Hash

Overview

A frequently used data structure is the scr_hash object. This data structure contains an unordered list of elements, where each element contains a key (a string) and a value (another hash). Each element in a hash has a unique key. Using the key, one can get, set, and unset elements in a hash. There are functions to iterate through the elements of a hash. There are also functions to pack and unpack a hash into a memory buffer, which enables one to transfer a hash through the network or store the hash to a file.

Throughout the documentation and comments in the source code, a hash is often displayed as a tree structure. The key belonging to a hash element is shown as a parent node, and the elements in the hash belonging to that element are displayed as children of that node. For example, consider the following tree:

+- RANK
   +- 0
   |  +- FILES
   |  |  +- 2
   |  +- FILE
   |     +- foo_0.txt
   |     |  +- SIZE
   |     |  |  +- 1024
   |     |  +- COMPLETE
   |     |     +- 1
   |     +- bar_0.txt
   |        +- SIZE
   |        |  +- 2048
   |        +- COMPLETE
   |           +- 1
   +- 1
      +- FILES
      |  +- 1
      +- FILE
         +- foo_1.txt
            +- SIZE
            |  +- 3072
            +- COMPLETE
               +- 1

The above example represents a hash that contains a single element with key RANK. The hash associated with the RANK element contains two elements with keys 0 and 1. The hash associated with the 0 element contains two elements with keys FILES and FILE. The FILES element, in turn, contains a hash with a single element with a key 2, which finally contains a hash having no elements.

Often when displaying these trees, the guidelines are not shown and only the indentation is used, like so:

RANK
  0
    FILES
      2
    FILE
      foo_0.txt
        SIZE
          1024
        COMPLETE
          1
      bar_0.txt
          SIZE
            2048
          COMPLETE
            1
  1
    FILES
      1
    FILE
      foo_1.txt
        SIZE
          3072
        COMPLETE
          1

Common functions

This section lists the most common functions used when dealing with hashes. For a full listing, refer to comments in scr_hash.h. The implementation can be found in scr_hash.c.

Hash basics

First, before using a hash, one must allocate a hash object.

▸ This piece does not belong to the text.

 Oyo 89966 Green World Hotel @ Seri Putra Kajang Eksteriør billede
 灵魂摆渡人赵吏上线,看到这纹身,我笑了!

scr_hash* hash = scr_hash_new();

And one must free the hash when done with it.

scr_hash_delete(&hash);

Given a hash object, you may insert an element, specifying a key and another hash as a value.

scr_hash_set(hash, key, value_hash);

If an element already exists for the specified key, this function deletes the value currently associated with the key and assigns the specified hash as the new value. Thus it is not necessary to unset a key before setting it – setting a key simply overwrites the existing value.

You may also perform a lookup by specifying a key and the hash object to be searched.

scr_hash* value_hash = scr_hash_get(hash, key);

If the hash has a key by that name, it returns a pointer to the hash associated with the key. If the hash does not have an element with the specified key, it returns NULL.

You can unset a key.

scr_hash_unset(hash, key);

If a hash value is associated with the specified key, it is freed, and then the element is deleted from the hash. It is OK to unset a key even if it does not exist in the hash.

To clear a hash (unsets all elements).

scr_hash_unset_all(hash);

To determine the number of keys in a hash.

int num_elements = scr_hash_size(hash);

To simplify coding, most hash functions accept NULL as a valid input hash parameter. It is interpreted as an empty hash. For example,

scr_hash_delete(NULL);

does nothing

scr_hash_set(NULL, key, value_hash);

does nothing and returns NULL

scr_hash_get(NULL, key);

returns NULL

scr_hash_unset(NULL, key);

does nothing

scr_hash_unset_all(NULL);

does nothing

scr_hash_size(NULL);

returns 0

Accessing and iterating over hash elements

At times, one needs to work with individual hash elements. To get a pointer to the element associated with a key (instead of a pointer to the hash belonging to that element).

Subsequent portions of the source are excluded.